Per evitare l’afa estiva e le fastidiose punture degli insetti, i contadini, falce in spalla e porta cote (cozar) infilato alla cintura dietro la schiena, iniziavano a lavorare molto presto e verso le otto arrivavano le donne con la colazione, le bevande dissetanti (di solito cafè de orz col vin) e un uovo sbattuto. Esse, poi, rimanevano nel prato per sparpagliare, con la forca, in modo uniforme, l’erba appena falciata (far för le antane). Terminato il lavoro, tornavano a casa per preparare il pranzo. Si mangiava alle ore undici e poi, dopo l’immancabile siesta pomeridiana, si tornava nel prato a rivoltare l’erba ormai appassita. Una volta essiccata, veniva raccolta in grandi mucchi (antane) e, quindi sistemata sul carro. A questi gravosi lavori di fienagione partecipavano, con ruoli diversi, tutti i membri della famiglia. Per questo motivo i ragazzi di quinta elementare, su richiesta dei genitori, potevano ottenere l’esonero scolastico per tutto il mese.

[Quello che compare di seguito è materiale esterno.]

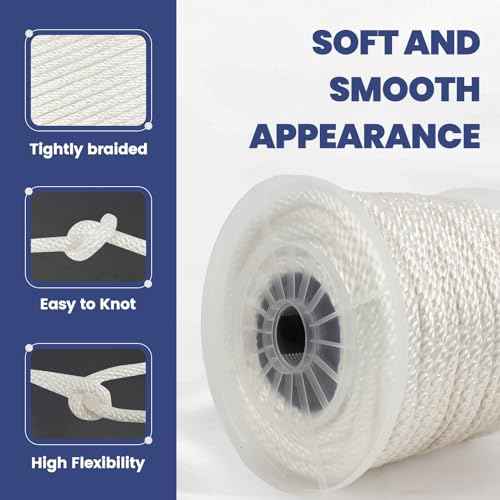 1/2 Inch Nylon Rope 100 Ft ? Multipurpose Solid Braided Rope ? Ideal Use for Camping, Clothesline, Marine, Flag Line ? Abrasion & UV Resistant ? Shock Absorption Rope for Indoor Outdoor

In giugno ricorreva anche la festività del Corpus Domini che coinvolgeva tutta la comunità. Nei giorni precedenti si pulivano le strade, dove sarebbe passata la processione. Si coprivano con delle frasche le concimaie allora tutte a cielo aperto. Il giorno della festa, di mattina presto, venivano stese alle finestre delle coperte colorate adornate con ceri e vasi di fiori. In due o tre posti, lungo il percorso della processione, erano allestite delle piccole edicole. Lì si sarebbe fermato il corteo. Dopo il canto del “Tantum ergo”, il sacerdote impartiva la benedizione con il SS. Sacramento.